## Material to process
━━━━━━━━━━
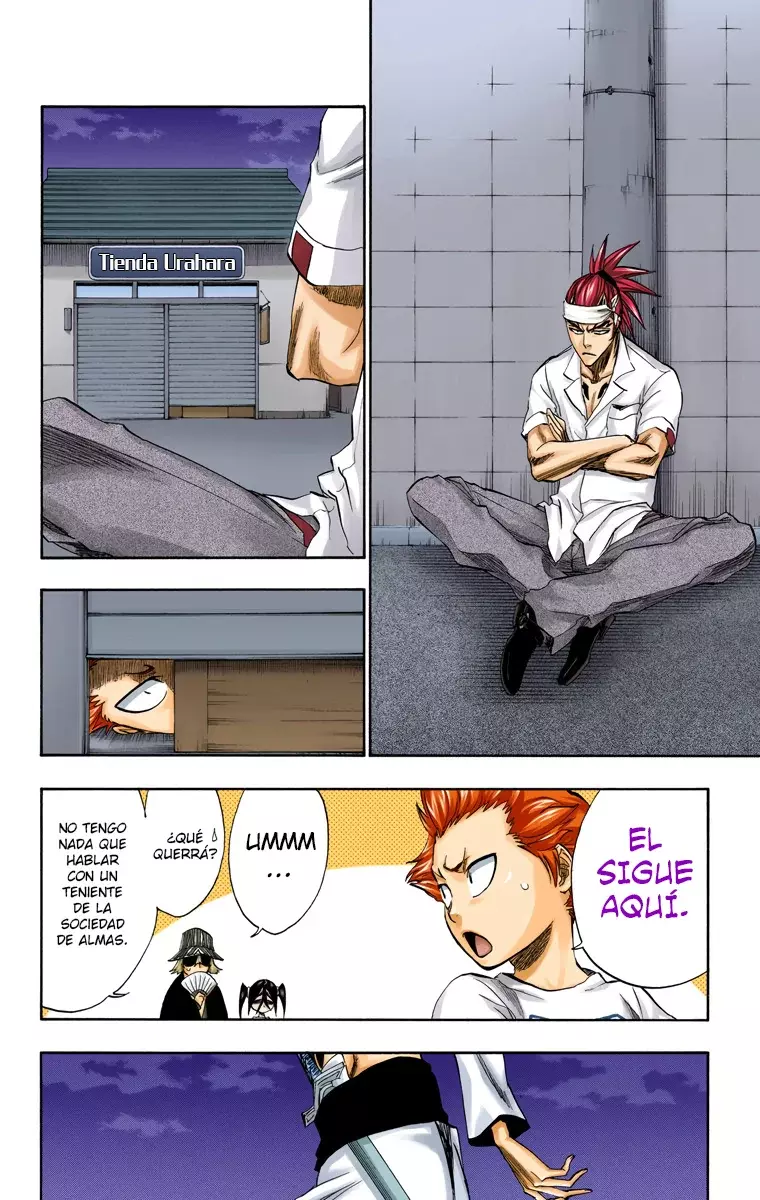 Bleach (Color) capítulo 200, página 3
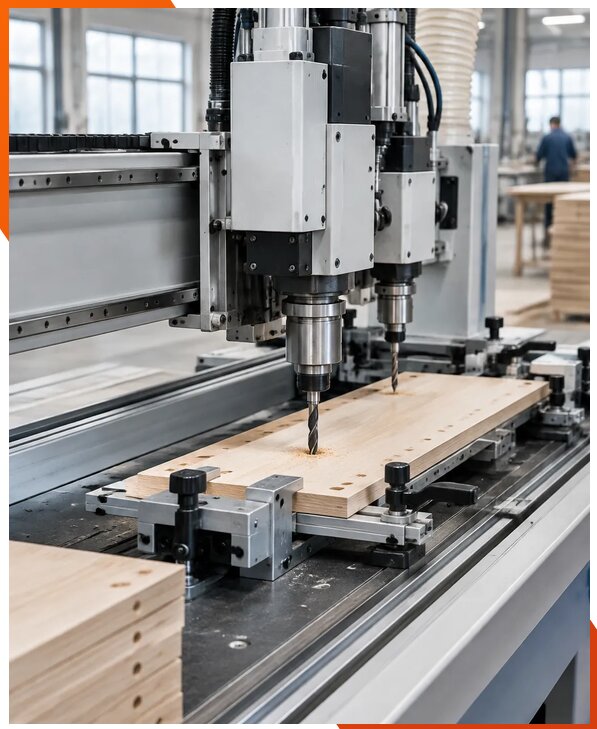Поставка сверлильно-присадочных станков в Нефтеюганске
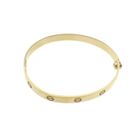Image 1 of Gold slave bracelet | Ø 59mm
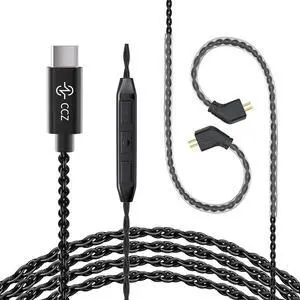YINYOO CCZ USB Type-c IEM Cable and CCZ Melody Wired Earphones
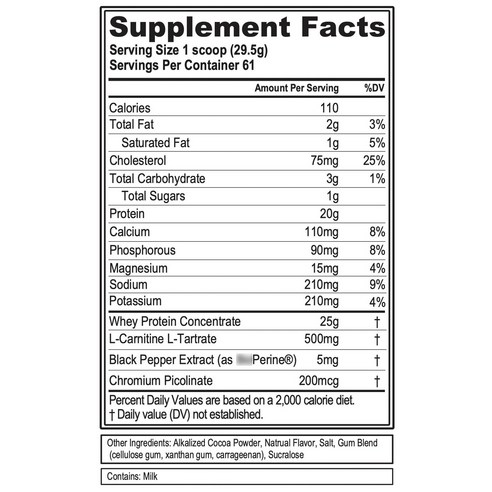 EVLUTIONNUTRITION 린 퓨얼 웨이 프로틴 초콜릿 운동러 솔직 후기 | 실사용 리뷰 - 상품 이미지 2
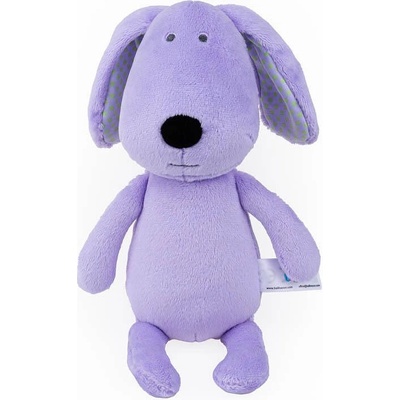 Balibazoo Мека играчка За Гушкане Dog 28cm лилав 81992 (111055)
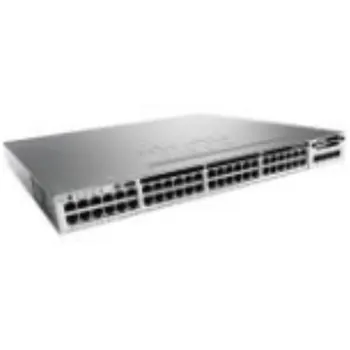 Cisco ONE C1-WS3850-48U/K9 Catalyst 3850 Series WS -C3850-48U RJ-45 UPoE 48 x Ports 10/100/1000Base-T Layer 3 Managed Gigabit Ethernet Switch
━━━━━━━━━━
## Work to be completed
Exactly the lines from the one with "Balibazoo Мека играчка" through the end of the records should be written out, and only those. Pictures do not belong in the copy.

## Response for this exercise
 Balibazoo Мека играчка За Гушкане Dog 28cm лилав 81992 (111055)
 Cisco ONE C1-WS3850-48U/K9 Catalyst 3850 Series WS -C3850-48U RJ-45 UPoE 48 x Ports 10/100/1000Base-T Layer 3 Managed Gigabit Ethernet Switch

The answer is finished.